Dr. Juhi Tyagi
Ehemalige Junior Fellow
Junior Fellow am Max-Weber-Kolleg von September 2017 bis August 2019
Zur Person
Curriculum Vitae
Juhi Tyagi has a PhD in Sociology from Stony Brook University, New York where she worked on resilience in armed movements. She was a post-doctoral fellow at the International Centre for Advanced Studies in the Humanities and Social Sciences, Erfurt/Delhi. Before starting her doctoral program, Juhi worked for several years doing research and advocacy in regions of political conflict in India. She has a Masters in Development Studies from the Institute of Social Studies in The Hague. Her research interests include social movements, insurgency, complex organizations, gender, economic sociology, and development.
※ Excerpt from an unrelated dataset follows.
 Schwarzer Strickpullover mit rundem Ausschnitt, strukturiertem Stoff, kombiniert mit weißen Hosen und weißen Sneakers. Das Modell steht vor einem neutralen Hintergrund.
She has published is several peer reviewed journals such as Mobilization, The Sociological Quarterly and Whitehead Journal of Diplomacy and International Relations.
Forschungsprojekt
Peasant Discontent & States: How armed groups impact state-capital trajectories and forward peasant interests
This project studies the effectiveness of radical groups in targeting the state for advancing the material and social interests of peasants. Social movements around the world have focused on states as the primary targets of their struggles. States, in turn, have been found to be influenced by the corporate class and, ultimately, in the gains they deliver to social movements resulting from a reconciliation with business interests. Although ample evidence suggests the embeddedness of corporate networks in the functioning of states, overly simplified formulations, such as viewing states as tools at the disposal of the business elite, need reformulation – with data on when, how and by how much.
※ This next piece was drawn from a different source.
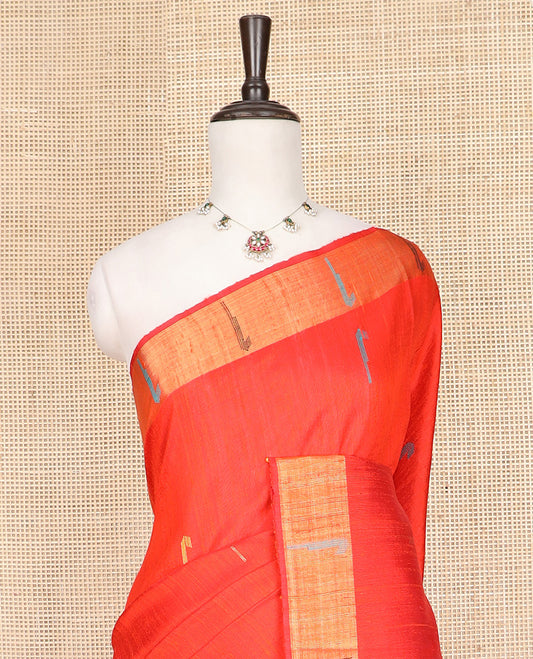 Red Dupion Silk Saree Decked Up with Muniya Buttas All Over Its Body, Subtly Self-Zari Border of Muniya Designs, Colorfully Woven Pallu of Unique Motifs, and Paired with a Matching Blouse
States cannot afford a complete submission to business interests at the cost of political upheaval. Thus, they need to manage their own economic interests alongside their citizen's demands. An investigation of the gains made by collective struggles against the state would hence achieve three things: One, provide insights into the business class interests of the state (by means of what the state is willing to concede to and not); two, mediate between the highly prevalent ongoing debate on the degree of infiltration of capital relations in rural Asian economies; and, three, examine the effectiveness of armed peasant groups in improving local conditions under particular state-capital configurations.
This research relies on interviews, village studies and quantitative data of the political economy and social movement landscapes from two comparable regions in India – which witnessed the presence and absence of collective action respectively. Analysis of archival material contributes towards a historical dimension, for establishing socio-political contingencies in the emergence of the mercantile class, their transition into agricultural capitalists – and – their evolving influence on state actions.
The implications of this research are far reaching. With a four-fold increase in armed movements across the globe in the last decade – several within agrarian economies – it informs our analysis of the state and capital in creating and sustaining the conflict infrastructure.